También otro pintor norteamericano algo más joven, Cy Twombly, acaba encontrando agua bajo el adoquinado romano, como un zahorí, y después de su viaje a Italia, en agosto del 52, (en compañía de su amigo Robert Rauschenberg) termina quedándose y fija su estudio en Roma.
La piel es un argumento y es también una evidencia, en los cuadros que conforman esta exposición. Cuerpo y paisaje son los dos elementos que articulan el recorrido en el que la referencias al mundo mitológico no están presentes de una manera explícita, narrada, sino más bien como un aire de familia que salta de unos cuadros a otros, como superficies que fueran intercambiables, que mudan su apariencia y buscan espacios de contigüidad más allá de sus límites.
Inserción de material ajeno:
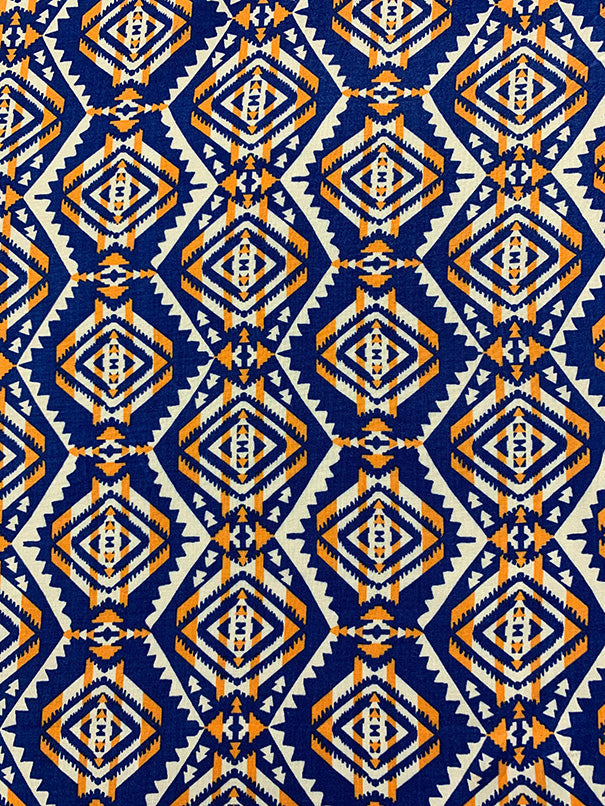 Blue Aztec Stripe Print Rayon Challis Fabric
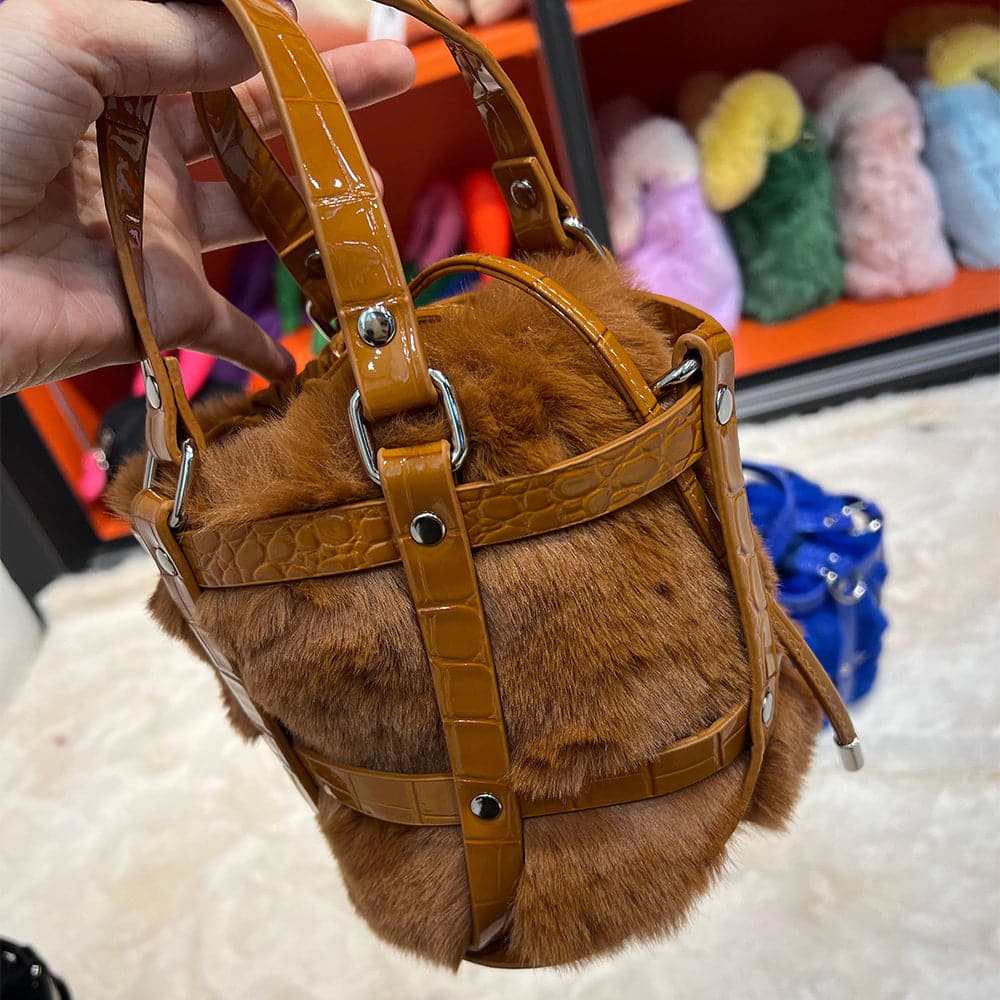 AG Collective Hollow Plush Basket Pluffy Women's Shoulder Crossbody & Handbag - Stylish and Soft for Everyday Use, Shopping, and Casual Outings
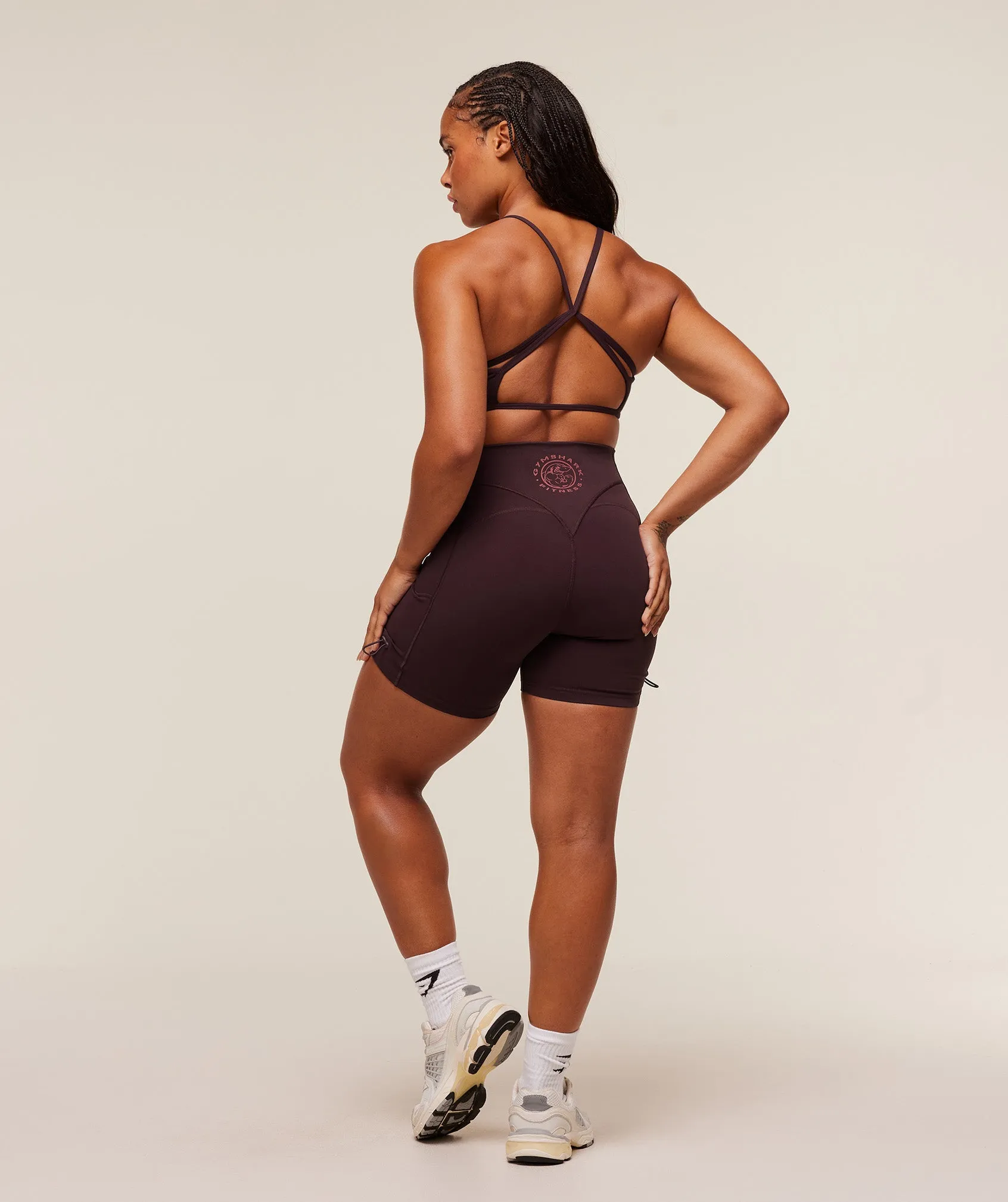 Gymshark Legacy Logo Tight Shorts - Cherry Purple sold by Gymshark product image thumbnail 4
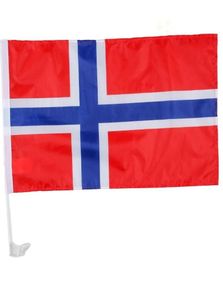 2 stk Norske Bilflagg 44 cm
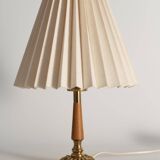 Brass Table Lamp with Teak, Asea, Sweden 1950s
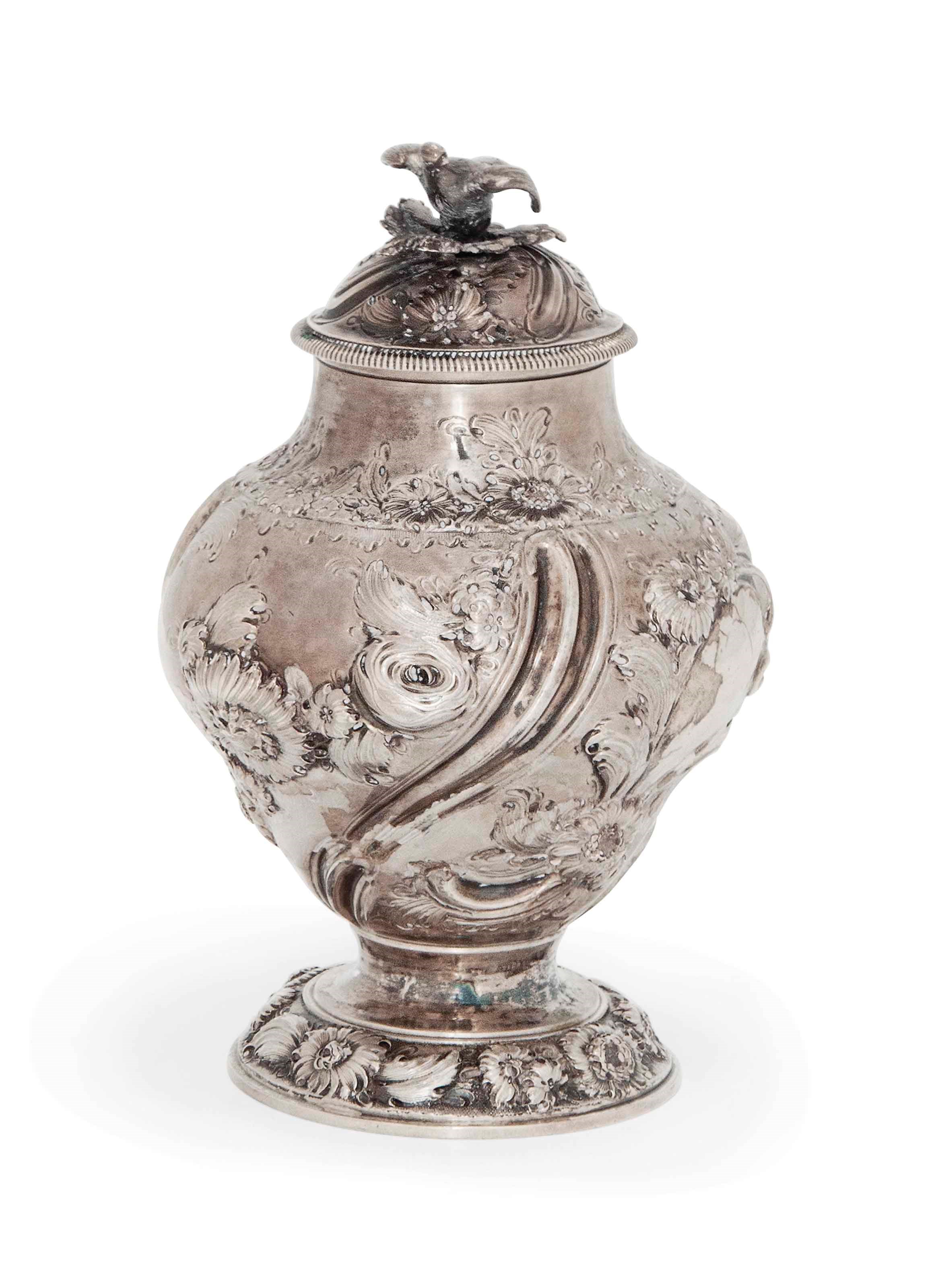 A GEORGE II SILVER TEA CADDY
Los cuadros se buscan unos a otros para ampliar su conversación. Una conversación ya iniciada.
La piel, que es superficie y es envoltura, como la pintura, aguarda en silencio la mirada que la anime y le devuelva el sentido.
En un cuadro, que Poussin, pinta, en agosto de 1648, titulado Paisaje con un hombre muerto por una serpiente, también llamado Los efectos del terror. Vemos en el extremo izquierdo y en primer término a una mujer o un hombre tendido en tierra, enlazado por una enorme serpiente que lo devora y lo arrastra hacia el fondo del agua, sobre la que ya cuelgan sus brazos, su cabeza y sus cabellos. Poussin, fascinado por las serpientes, haría alusión a “las que nacen por generación espontánea de la espina dorsal de un hombre muerto” y podría haberse inspirado en un texto de las Metamorfosis de Ovidio que relata la historia de una serpiente monstruosa (un dragón posiblemente) que asfixia a uno de los compañeros de Cadmo.
Todo se confunde entre las sombras de las rocas y la vegetación: la túnica agitada, el reptil entre los brazos, el tronco y las piernas. Todo se precipita hacia el agua, y el agua sombría es también devorada y bebida por la tierra. Al fondo, un grupo de viajeros descansa apaciblemente al borde de un lago, junto a unas barcas de pescadores, cerca de la arboleda que cubre en parte la lejanía.
Todo se vuelve transparente. Todo fluye.